Die durch die Novelle BGBl. 1996/201 geschaffene Vorschrift des § 21 Abs 1a UStG 1994 regelt die Umsatzsteuersondervorauszahlung und bestimmt in ihrem ersten Unterabsatz, dass bei einem monatlichen Voranmeldungszeitraum der Unternehmer bis zum 15. Dezember eines jeden Kalenderjahres überdies eine Sondervorauszahlung in Höhe von einem Elftel der Summe der entrichteten bzw vorangemeldeten oder festgesetzten Vorauszahlungen abzüglich der Überschüsse für September des vorangegangenen Kalenderjahres bis August des laufenden Kalenderjahres zu entrichten hat. Der vierte Unterabsatz des § 21 Abs 1a UStG 1994 hat folgenden Wortlaut:
"Dem Unternehmer ist die Höhe der Sondervorauszahlung vor deren Fälligkeitstag mitzuteilen. Wird der mitgeteilte Betrag nicht bis zum Fälligkeitstag entrichtet, so ist für die Voranmeldungszeiträume des folgenden Kalenderjahres der Fälligkeitstag (Abs 1 erster Satz) der 15. Tag des auf den Voranmeldungszeitraum folgenden Kalendermonates."
Mit § 21 Abs 1a UStG 1994 wird - in gemeinschaftsrechtskonformer Interpretation - dem Steuerpflichtigen ein Wahlrecht eingeräumt: Er kann sich für die Regelung entscheiden, nach welcher die Fälligkeit der allgemeinen Vorauszahlungen am 15. des dem Voranmeldungszeitraum unmittelbar folgenden Monates eintritt, oder für die Regelung, nach welcher einerseits die Fälligkeit erst am 15. des dem Voranmeldungszeitraum zweitfolgenden Monates eintritt und andererseits zusätzlich am 15. Dezember eine vorläufige Vorauszahlung in Form der Sondervorauszahlung zu entrichten ist. Kein Steuerpflichtiger ist gezwungen, sich für jene der beiden Alternativen zu entscheiden, welche die Sondervorauszahlung beinhaltet. Demzufolge tritt als einzige Rechtsfolge des Unterbleibens einer Entrichtung der Sondervorauszahlung unmittelbar kraft Gesetzes die Vorverlegung der Fälligkeitstage der Umsatzsteuervorauszahlungen im folgenden Kalenderjahr ein (vgl das hg Erkenntnis vom 17. Oktober 2001, 2000/13/0006). Ausgehend vom freien Wahlrecht des Unternehmers kann die Nichtentrichtung der Sondervorauszahlung keine andere (weitere) Rechtsfolge, beispielsweise die Festsetzung eines Säumniszuschlages, nach sich ziehen.

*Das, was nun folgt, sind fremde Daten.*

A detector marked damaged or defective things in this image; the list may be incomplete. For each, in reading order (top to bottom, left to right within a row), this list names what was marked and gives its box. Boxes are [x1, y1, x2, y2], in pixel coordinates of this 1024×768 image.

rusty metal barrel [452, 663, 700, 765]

Der Fälligkeitszeitpunkt der Sondervorauszahlung bestimmt im Sinne der oben zitierten hg Judikatur somit nur jenen Zeitpunkt, bis zu dem der Unternehmer von seinem Wahlrecht Gebrauch machen kann. Entrichtet der Unternehmer die Umsatzsteuersondervorauszahlung bis dahin nicht, so gibt er damit zu erkennen, sich für die Vorverlegung der Fälligkeit für die künftigen Umsatzsteuervorauszahlungen entschieden zu haben.

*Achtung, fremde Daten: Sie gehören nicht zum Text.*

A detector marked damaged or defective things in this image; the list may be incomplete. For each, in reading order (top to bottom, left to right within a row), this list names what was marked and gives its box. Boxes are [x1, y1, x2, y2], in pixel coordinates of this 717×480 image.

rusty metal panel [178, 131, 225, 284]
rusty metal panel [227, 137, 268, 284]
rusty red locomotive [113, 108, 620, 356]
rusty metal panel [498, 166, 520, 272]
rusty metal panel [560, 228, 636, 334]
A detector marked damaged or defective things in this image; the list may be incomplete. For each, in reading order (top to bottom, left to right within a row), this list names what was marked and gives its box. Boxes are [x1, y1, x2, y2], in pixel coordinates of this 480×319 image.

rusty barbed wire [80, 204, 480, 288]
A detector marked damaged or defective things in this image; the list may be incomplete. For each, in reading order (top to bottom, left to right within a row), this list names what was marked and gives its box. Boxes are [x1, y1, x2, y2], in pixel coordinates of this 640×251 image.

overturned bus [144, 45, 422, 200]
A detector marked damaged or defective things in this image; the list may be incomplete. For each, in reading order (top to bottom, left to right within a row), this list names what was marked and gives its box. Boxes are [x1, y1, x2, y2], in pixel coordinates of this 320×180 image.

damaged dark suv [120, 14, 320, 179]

Im Beschwerdefall enthielt der Bescheid vom 9. November 1999 über die Bewilligung von Zahlungserleichterungen die Bestimmung, dass Terminverlust ua dann eintreten werde, wenn Abgaben, die in die Zahlungserleichterung nicht einbezogen worden seien und bei denen eine für ihre Entrichtung zur Verfügung stehende Zahlungsfrist während der Laufzeit der Zahlungserleichterung ende, nicht bis zum Ablauf dieser Frist in voller Höhe entrichtet würden. Unstrittig ist, dass die Umsatzsteuersondervorauszahlung 1999 in die genannte Zahlungserleichterung nicht einbezogen worden ist und dass der Beschwerdeführer sie zum Fälligkeitstag 15. Dezember 1999 - sohin in der Laufzeit der Zahlungserleichterung - nicht entrichtet hat. Dass andere Abgaben, die in die Zahlungserleichterung nicht einbezogen worden sind und deren Zahlungsfrist während der Laufzeit der Zahlungserleichterung geendet hat, nicht fristgerecht entrichtet worden seien und damit der Terminverlust hätte bewirkt werden können, wurde im angefochtenen Bescheid nicht festgestellt.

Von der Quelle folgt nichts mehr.